Last year was a terrible year for the mortgage space. The Fed raised the Federal Funds rate aggressively in order to combat inflation, which pushed up mortgage rates to the highest level in years.

UWM Holdings (UWMC 2.68%) is the parent company of United Wholesale, which is the largest mortgage originator in the United States. While most companies were experiencing a collapse in volume, UWM held up better than most. What is its secret? 

Picture of a house, a stack of money and a calculator

Image source: Getty Images.

UWM Holdings follows the broker model

In mortgage origination, there are basically three general business models. There are very few pure plays, but most originators do tend to focus on one business model.

The most common business model is retail, where the originator sources its own loans, assembles them, and then either puts the loans on its balance sheet or sells them into the market. This is the model that Rocket Companies (RKT 1.20%) uses. It sources customers via its app, and then securitizes and sells its production. Your local credit union has a similar model. Retail originators tend to have the highest profits on a per-loan basis, but their costs to produce a loan are higher as well. 

The next model is correspondent lending, where the lender buys loans that have already been assembled from smaller originators and then flips them into the market for a small profit. This is the business model that Mr. Cooper Group (COOP 1.10%) uses. Mr. Cooper generally hangs on to the mortgage servicing rights and sells the loan into the market.

Lastly, there is the broker model, which is what UWM uses. In this model, the mortgage broker is the customer, not the borrower. The mortgage broker finds the borrower and then gives it to United Wholesale to assemble and sell.

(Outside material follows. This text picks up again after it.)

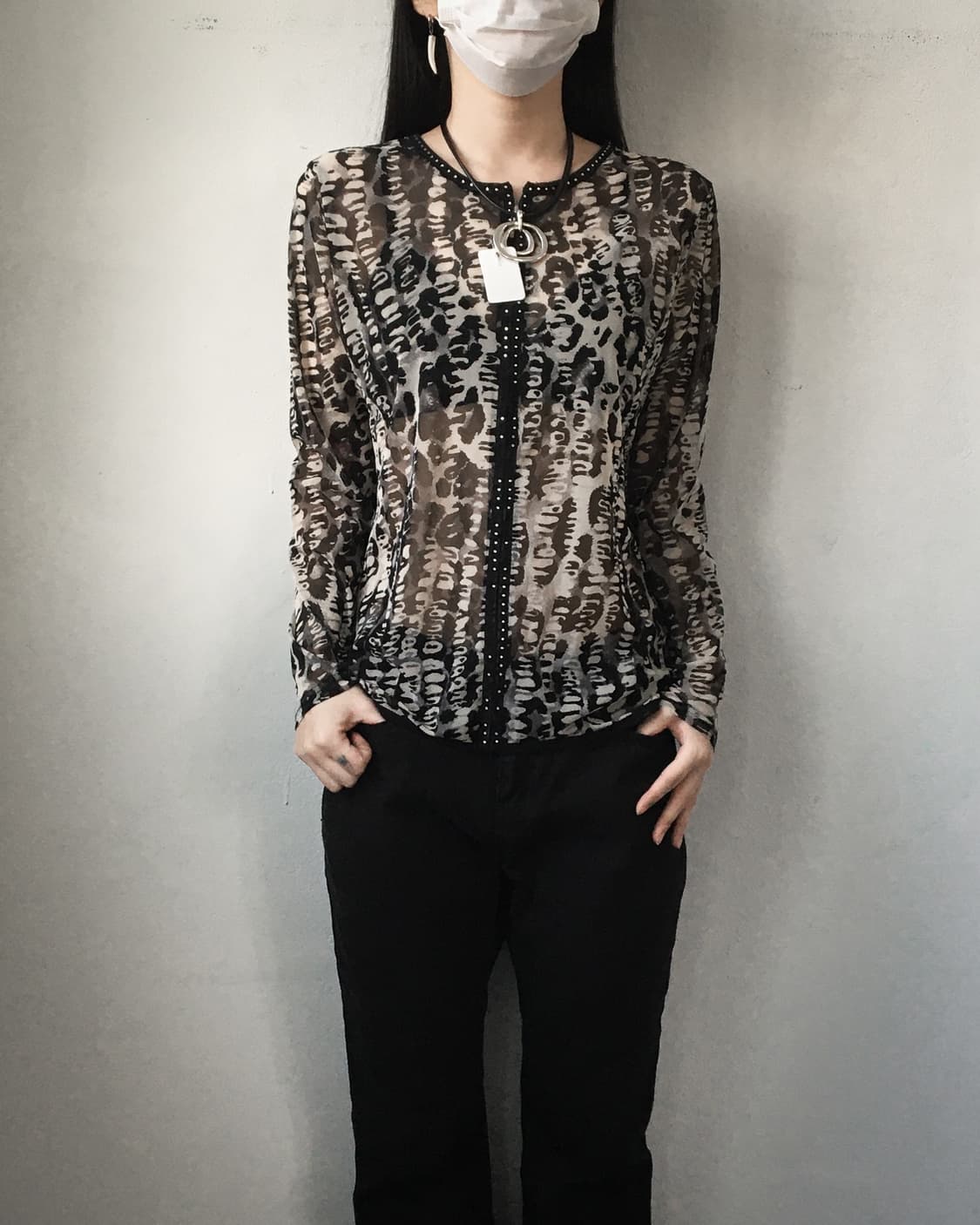 Pattern Mesh cardigan 상품이미지4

The biggest difference between retail and broker models is that the borrower is the customer to a retail lender and the broker is the customer for a wholesale shop. 

Refinancing activity is drying up

Over the past year, the mortgage market shifted dramatically from a refinance market to a purchase market. Half of all mortgages in the United States have a rate of 3.5%, and two-thirds have a rate under 4%.

With mortgage rates on new loans hovering close to 7%, there is little to no refinancing business. Nobody is going to swap out a 3.5% mortgage for a 7% one. This means most of the loans that originators will be doing will be purchase loans. 

The home-purchase market is a relationship-driven model

A purchase market is ideal for UWM's wholesale model. Here is why: The purchase market is still mainly a face-to-face business. Real estate agents represent buyers and sellers and will often make recommendations to the buyer. The mortgage broker is close to real estate agents, closing attorneys, and title agents, and the broker sources loan leads from his or her network.

UWM has made it easy for mortgage brokers to close loans, with good visibility into where the loan stands at any one time. This relationship aspect of the business puts UWM in a better competitive position than retail originators that primarily use technology or cold-calling to find loans, at least in a purchase market. 

Mortgage banking is a highly cyclical business, and right now we are stuck in the bottom of the cycle. Home affordability concerns are slowing purchase activity, and rates are too high for people to refinance their mortgages.

If the U.S. enters a recession toward the end of the year, we might see the Federal Reserve begin to lower rates, and that could ease the affordability issue and benefit UWM. Until then, it is hard to recommend any mortgage banker until the Federal Reserve is done with its rate hikes.